# Mac can't Screen Share over WiFi



## stefanyoungs (Feb 7, 2011)

iMac running 10.6.6 connected by Ethernet to Linksys WAG160N

MacBook running 10.6.6. When connected by Ethernet I can ScreenShare the the iMac's screen, and I can see the iMac's iTunes Library on my MacBook. BUT when the MacBook is connecting via wifi, the MacBook can only access the Internet, it cannot ScreenShare the iMac's screen, neither can it see the iMac's iTunes library.

I have confirmed that the MacBook can ScreenShare fine with another Mac on another network, so the suspect here is the router setup.

Any ideas? Thanks.


----------



## stefanyoungs (Feb 7, 2011)

I answered my own problem by updating the Linksys router firmware. Sometimes just asking the question suggests an answer!

I can now get the same services over wifi as from ethernet.


----------



## sinclair_tm (Mar 11, 2005)

I bet that updating it reset some of the settings of the router. Many wireless routers have a setting where it treats the WiFi and wired networks as separate and will not let them cross-talk.

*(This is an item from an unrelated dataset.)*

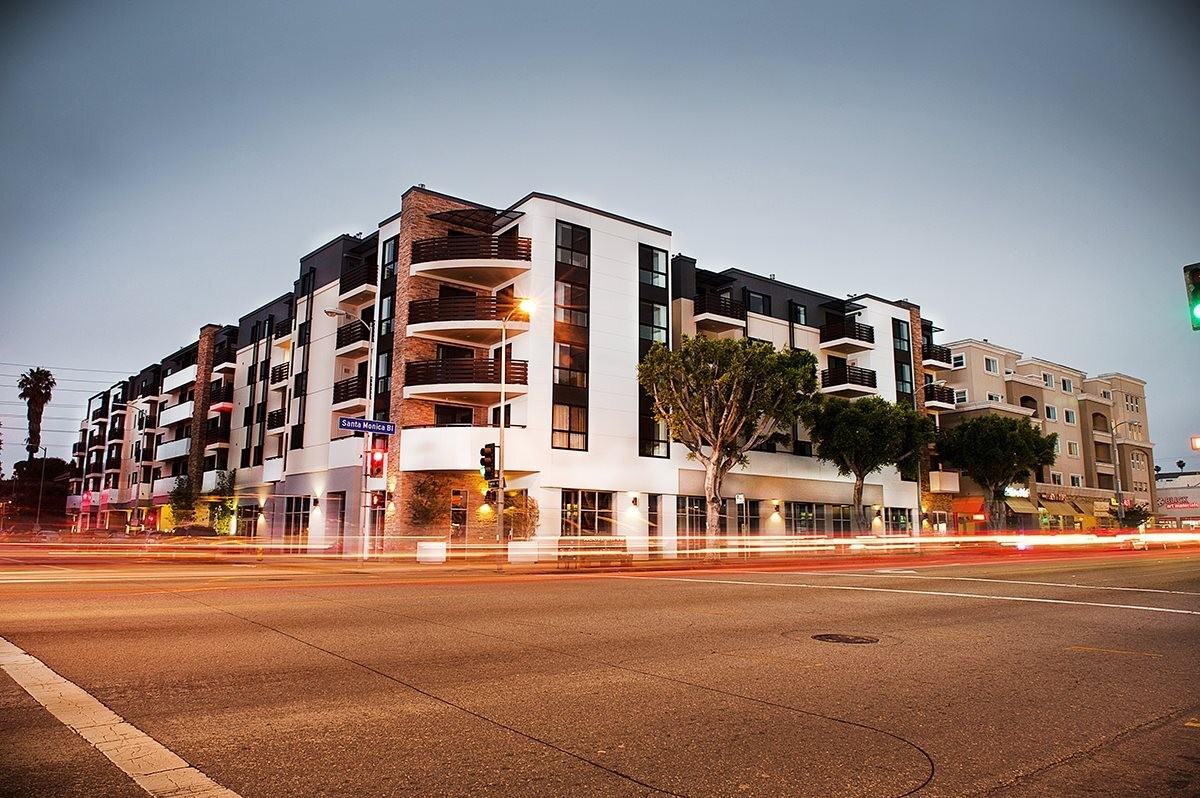 1518 Federal Ave - Photo 5 of 12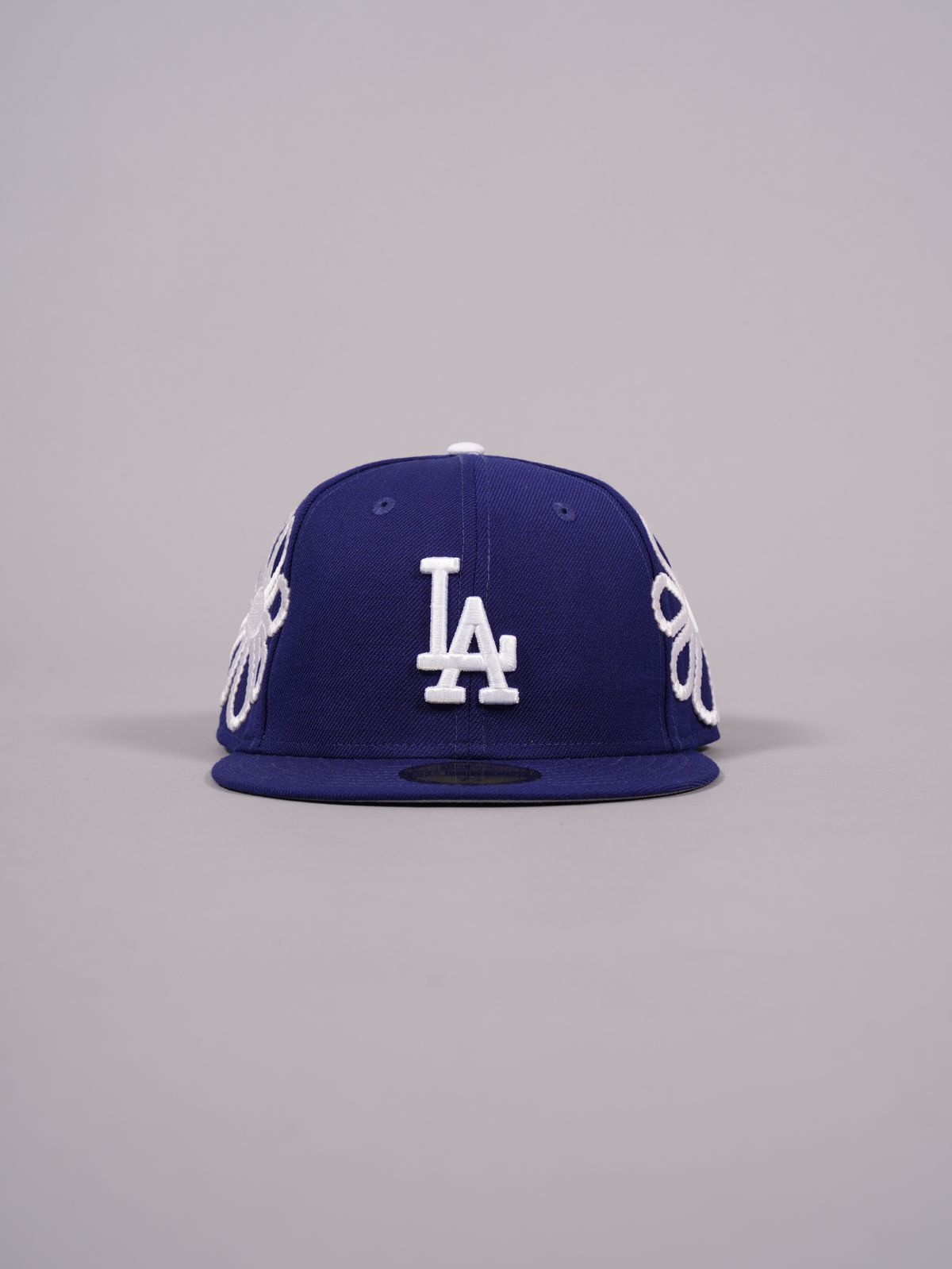 MADE IN EFFORT - 【残りわずか】 ROYAL LA W/WHITE DODGERS FITTED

If that option was on, then it describes the problem you had.


----------



## stefanyoungs (Feb 7, 2011)

Thanks for your interest. I did look through the router to see if I could find a relevant setting for binding wifi and ethernet networks, but for the life of me I couldn't see a thing. Not being a router specialist it's a case of the blind leading the blind here.

Do you have a clue as to what I should look for? It's always more satisfying if you know why the fix worked.

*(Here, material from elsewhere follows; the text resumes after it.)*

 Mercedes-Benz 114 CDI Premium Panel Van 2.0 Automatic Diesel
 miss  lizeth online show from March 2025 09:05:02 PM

I've assumed the problem I described was the result of a bug in the router firmware, but the release notes made no mention of this problem, so it may well be as you suggest.

Thanks again.


----------



## sinclair_tm (Mar 11, 2005)

I've never used a Linksys, so I have no idea. But now that it works, it might be better not to muck around in the router.


----------